The control section 114 receives the commodity code data (ACT S25). Specifically, the control section 114 receives the commodity code data input from the operation section 111 or the commodity code data sent from the handy scanner 13 through the wireless communication section 113. Furthermore, the control section 114 extracts commodity data corresponding to a unit price of a commodity from a database according to the received commodity code data and displays the unit price of the commodity on the display section 112.
The control section 114 carries out a settlement processing (ACT S26). Specifically, the control section 114 calculates a total amount of commodities according to the commodity data corresponding to one transaction extracted in the processing in ACT S25 and displays the settlement amount for the customer on the display section 112. Further, the control section 114 displays a deposit amount from the customer and a change amount on the display section 112 to carry out the settlement processing of the commodities corresponding to one transaction.
Next, the control section 114 carries out a print instruction (ACT S27). Specifically, the control section 114 sends the print command to the printer 12 to instruct a printing. If the printer 12 responds to the print command, the control section 114 sends the print data to the printer 12 to enable the printer 12 to execute the print output.
Next, the control section 114 determines whether or not to carry out a shutdown processing (ACT S28). The control section 114 confirms the continuation or termination of the processing with the operator each time one transaction is terminated, and if there is the input indicating the continuation of the processing, returns to the processing in ACT S25 to carry out a next transaction processing.

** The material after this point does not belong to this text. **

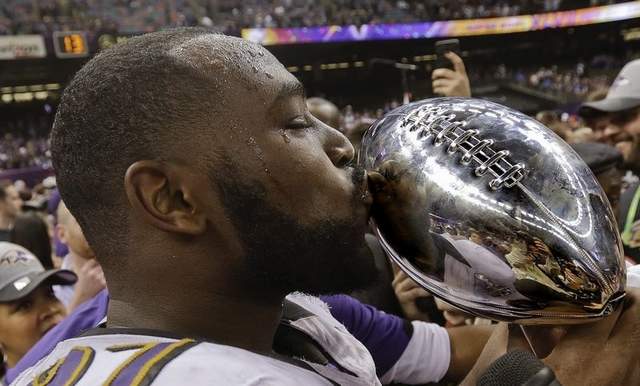 09-Super-Bowl-Trophy-Kissing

On the other hand, in ACT S28, if there is the input indicating the termination of the processing, the control section 114 carries out the shutdown processing to terminate the program normally (ACT S29).
After the termination of the program, if the operator leaves the operation area, the power supply stand 10 detects that the operator leaves the operation area and stops the power supply after one minute elapses. Thus, in the POS terminal 11, the induced electromotive force is extinguished, and the power supply to each section is stopped (ACT S30).
In this way, the POS terminal 11 of the present embodiment inquires of the operator whether or not the transaction processing is continued or terminated after the termination of the settlement processing for one transaction. If the operator terminates the transaction processing, the POS terminal 11 enables the shutdown processing to be completed within one minute within which the power supply stand 10 stops the power supply.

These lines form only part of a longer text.